We found that participants with MS performed significantly worse than the control participants without MS in each of the PPA tests and they had higher PPA composite scores (i.e. more prone to falls). Compared with healthy control participants without MS, people with MS had significantly higher PPA composite scores in every age band between 20 and 80 years of age. Thus people with MS aged between 20 and 80 would be at much higher risk of falls compared to people without MS at the same age. We also found that poor performance in all PPA tests in people with MS related to levels of disability, i.e. the higher EDSS score – the rating scale of disability level commonly used in MS – the higher PPA composite scores.
Consistent with previous work, we found that ~ 55% of MS participants had at least one fall in the 3-month follow-up period. Among these fallers ~17% fell once, ~11% fell twice, 6% fell three times ~4% fell four times and ~15% fell 5 times. Further analysis showed that PPA scores can discriminate frequent (two or more) fallers from non-frequent fallers.

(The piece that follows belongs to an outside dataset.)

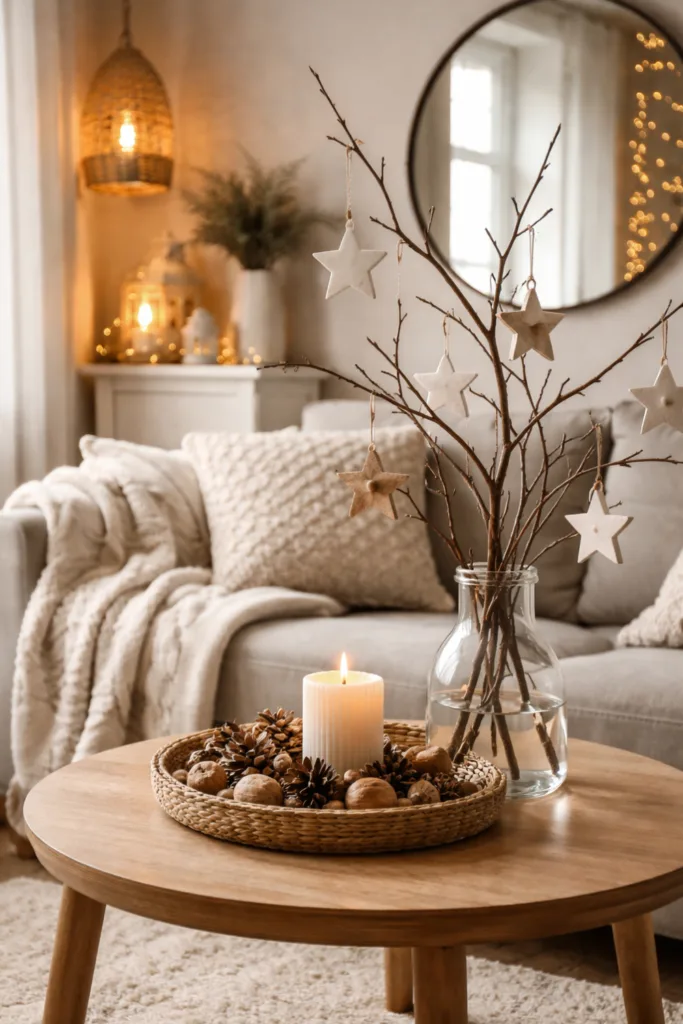 Winterdeko im kleinen Wohnzimmer mit Zweigen, Sternen und Kerze auf Holztisch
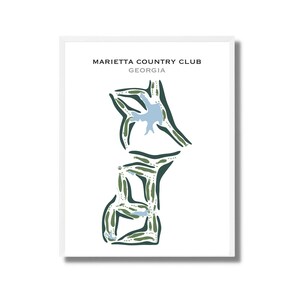 Marietta Country Club, Georgia Wall Art | Golf Course Map, Golfer Dad Gift For Him, Golfer Boyfriend Gift, Golfing Prints, Golf Lover Gifts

SIGNIFICANCE AND IMPLICATIONS
This study illustrates the value of a physiological profiling approach to identifying sensory and motor impairments and documenting overall reduced physiological performance in people with MS. The rather large compiled reference database for the PPA component and composite scores should assist future studies using the PPA in evaluating balance performance and evaluating effectiveness of interventions in people with MS. Further, as the PPA comprises simple ‘‘low-tech’’ tests it has scope for widespread use in clinical settings. Future studies could aim to establish reliability of PPA tests in MS.
PUBLICATION
Hoang PD, Baysan M, Gunn H, Cameron M, Freeman J, Nitz J, Low Choy NL and Lord SR. (2016). Fall risk in people with MS: A physiological profile assessment study. MSJ Experimental Translational Clinical, doi: 10.1177/2055217316641130.
KEY REFERENCES
Pardasaney PK et al. (2012). Sensitivity to change and responsiveness of four balance measures for community-dwelling older adults. Phys Ther 92: 388-397.
Schoene D et al. (2013). Discriminative ability and predictive validity of the timed up and go test in identifying older people who fall: systematic review and meta-analysis. J Am Geriatr Soc 61: 202-208.
Lord SR, Menz HB and Tiedemann A. (2003). A physiological profile approach to falls risk assessment and prevention. Phys Ther 83: 237-252.